Tanımak ve tanışmak başka başka şey kâri, anlamakla anlaşmak gibi… Çok fazla insanla tanışıyoruz hem de her gün ama kaçını tanıyoruz ki biz? Benim kanaatimce bir insanı tanımış olmak onu anlamak demektir. Acılarını, kederlerini, hüzünleri okuyabilmek demektir gözlerinde. Belki bu yüzden insan insanı anlamakta zorlanıyor.
Bir insanın yüzüne baktığında ne görür insan? Aslında sormaya çalıştığım şu ne görebilir? Ne kadar anlayabilir ve ne kadar tanıyabilir karşıdakini? Hüzünlerini görür mü mesela? Acılarını, kederlerini, ayrılıklarını ve yalnızlıklarını görür mü? Hasret mesela bir insanın yüzünde görülür mü? Kimsesizliği anlaşılabilir mi gözbebeklerinden? Çaresizliği alnındaki çizgilerden sezilebilir mi? Mesela yüzüne bakınca bir annenin anlaşılabilir mi bir mülteci botunda uçsuz bucaksız denizin ortasında kocasını ve iki küçük çocuğunu kurban verdiği? Ya da yaşından çok daha fazla yaşlanmış işçi yahut bir çiftçi babanın bıyıklarının altında titreyen dudaklarından anlaşılabilir mi oğlunu memleketin bir köşesinde şehit verdiği? Ufacık bir çocuğun gözünden akan yaşa bakıp da yetim olduğunu ayırt edebilir miyiz mesela? Ya da soru şöyle olmalı; etmeli miyiz? Ya da daha doğrusu; fark edemiyorsak bize de yazıklar olsun mu?
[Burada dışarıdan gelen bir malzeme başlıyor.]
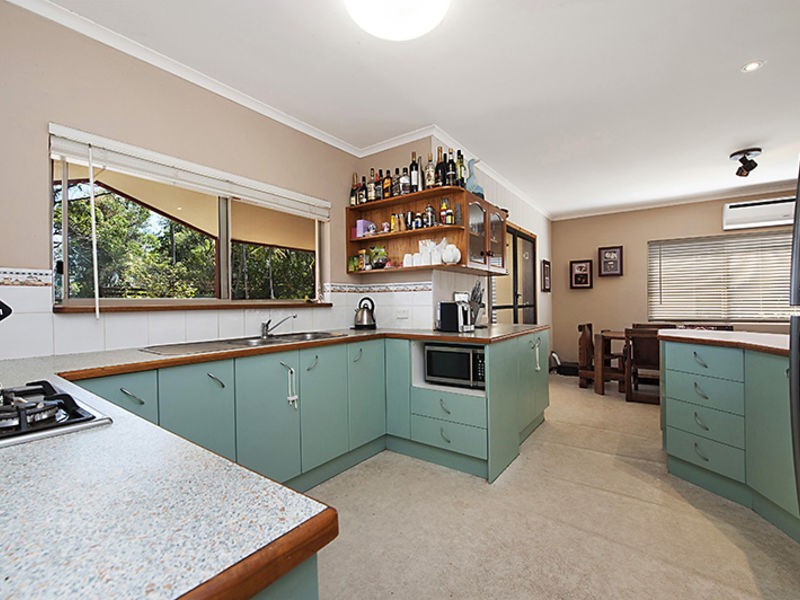 218 Panorama Dve, Rosemount QLD 4560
Bilmiyorum kâri, inan ki hiç bilemiyorum ve hayret ediyorum buna aslında. Hayretim daha çok anlayamadığımdan. Zira insanların yüzlerine dahi bakmaz olduk çok zamandır. Üzerlerine giydikleri, yüzlerine sürdükleri, kollarına taktıkları her ne varsa onlara bakmaktan yüzlerine, yok yok gözlerine bakmaz olduk. Oysa insan gözlerinde saklıdır. Değiştiremediği, gizleyemediği, saklayamadığı her ne varsa tam da oradadır.
Bunca sual benim de hoşuma gitmiyor aslında. Zira bazen bazılarının cevaplarını bulamıyorum. Ama sormadan da yapamıyorum hiçbirini. Nasıl böyle olduğunu anlamakta güçlük çekiyorum. Eskiler “rûberû” derlermiş, yüz yüze demek manasında ama aynı şey değil. Şimdilerde ise “rûberû” söyleşmek biriyle ya da ne bileyim sadece oturup da gözüne bakmak anlamak onu ve tanımak ne kadar zor ve ne kadar yabancı… Eskilerin hasret dediği bizim özlem deyip de eğreti bir hale soktuğumuz his dahi kalmadı. Yani adam ağız tadıyla hasretini bile çekemiyor sevdiğinin. İstediğinde ulaşıyor, duyuyor, görüyor… Neyse bu bir bahs-i diğer… Ben asıl söyleyeceklerime döneyim.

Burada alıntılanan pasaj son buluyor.